WASHINGTON (April 15, 2021)—The Senate has voted to confirm Brenda Mallory as chair of the Council on Environmental Quality (CEQ). She is a trusted voice in the environmental justice community and a strong choice to lead the CEQ, according to the Union of Concerned Scientists (UCS).
Below is a statement by Dr. Adrienne Hollis, senior climate justice and health scientist at UCS.
“Ms. Mallory is a strong advocate for environmental justice with decades of relevant experience as director of regulatory policy at the Southern Environmental Law Center and general counsel for the CEQ under the Obama administration. There’s a lot of work ahead to restore environmental safeguards dismantled by the previous administration, but Ms. Mallory has the expertise to hit the ground running.

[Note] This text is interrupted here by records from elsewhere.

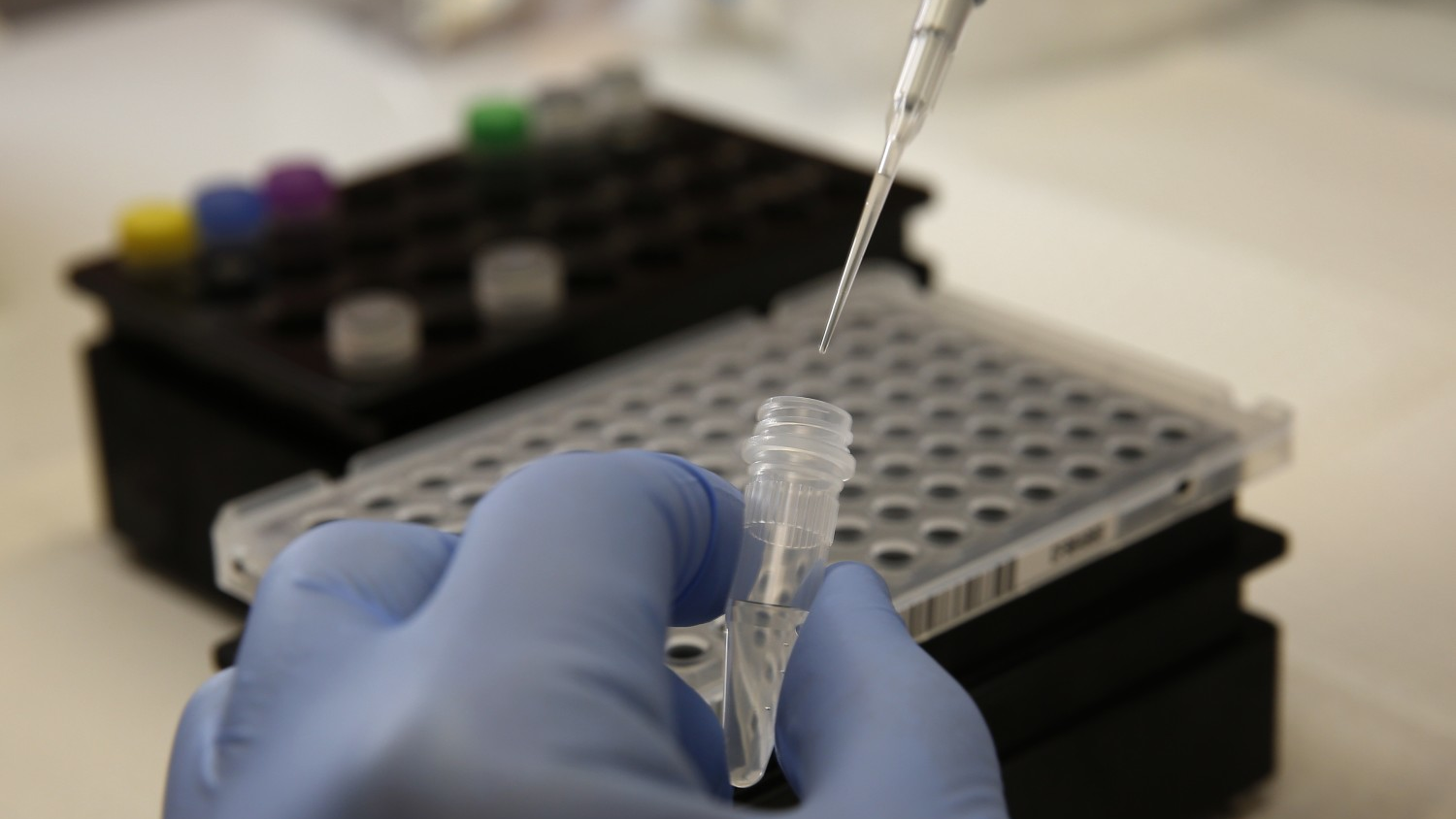 Brian Bowland, senior clinical lab specialist in microbiology in the UCLA Health System, is pipetting a master mix for testing of the COVID-19 coronavirus as the University of California's five medical centers are gearing up to expand their own in-house testing for the coronavirus in a move to bypass obstacles that have stymied a rapid response to the global pandemic.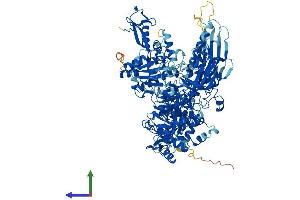 AlphaFold protein structure predicition of Human Recombinant POLR2B Protein, UniprotID P30876 (POLR2B Protein (AA 1-1174) (His tag))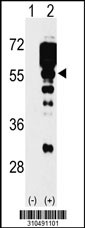 Western blot analysis of his-tag PCTK3 (arrow) using his tag antibody. 293 cell lysates (2 ug/lane) either nontransfected (Lane 1) or transiently transfected with the PCTK3 gene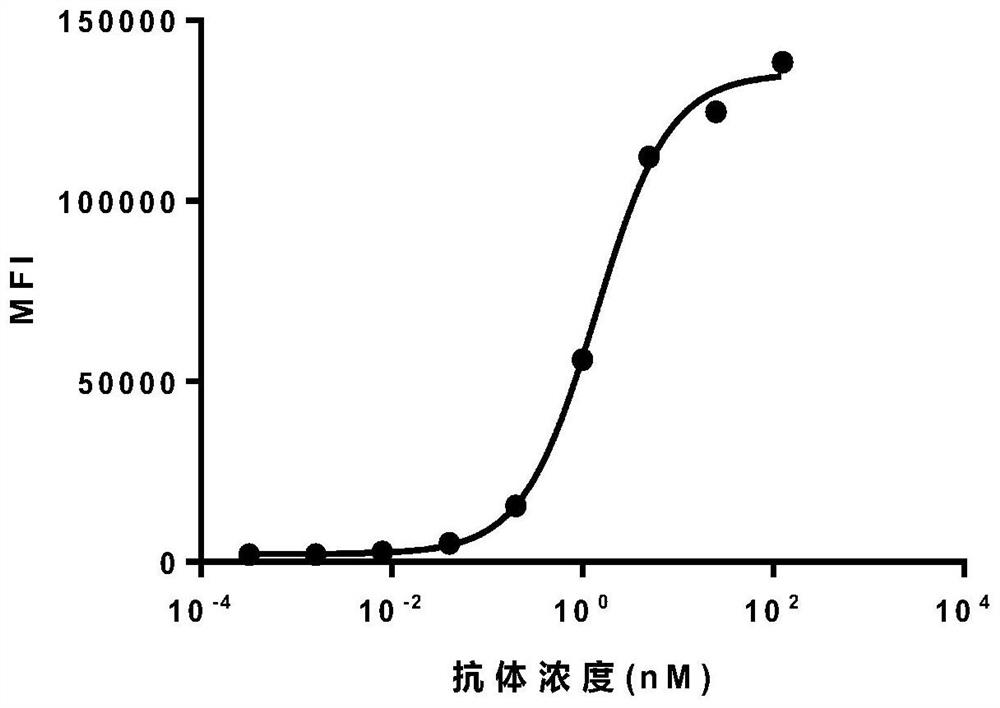 Homodimeric bispecific antibodies against cd19 and cd3, and preparation methods and uses thereof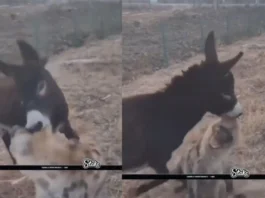Viral Video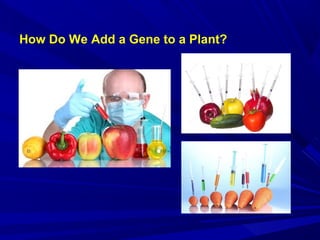 How Do We Add a Gene to a Plant?
 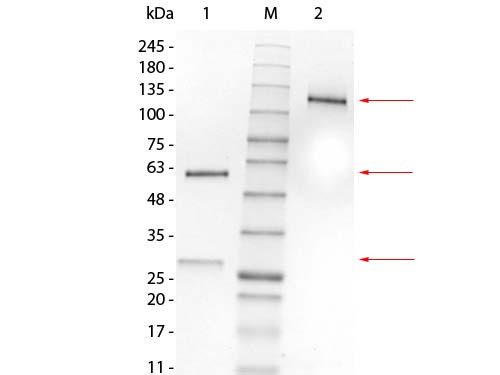 Mouse IgG1 Lambda myeloma protein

“The CEQ is responsible for implementing the National Environmental Policy Act, the law that requires a rigorous, science-based environmental review of any major project and reserves significant time for impacted communities to weigh in on these projects. Under the previous administration, this law was rewritten to severely limit the time and scope of these reviews. This put profit over people, and Black and brown communities faced the brunt of the consequences.
“Ms. Mallory comes from a working-class community and brings a wealth of needed experience to the position. Much like Administrator Michael Regan’s historic position as the first Black man to lead the EPA, Ms. Mallory will be the first Black person to lead the CEQ. With her 35 years of experience in environmental public policy and law, Ms. Mallory will work quickly to restore safeguards and address environmental harms that have disproportionately affected Black and brown communities. I’m hopeful she will work hard to develop a stronger process for receiving feedback to ensure frontline communities have a voice in the decisions that affect them.
“The next CEQ chair must restore science’s role in decision-making and ensure that major projects harm neither the environment nor the public. Ms. Mallory is a strong and historic choice for this work, and I’m eager to see her lead the country in confronting the climate change crisis and racial injustice crisis.”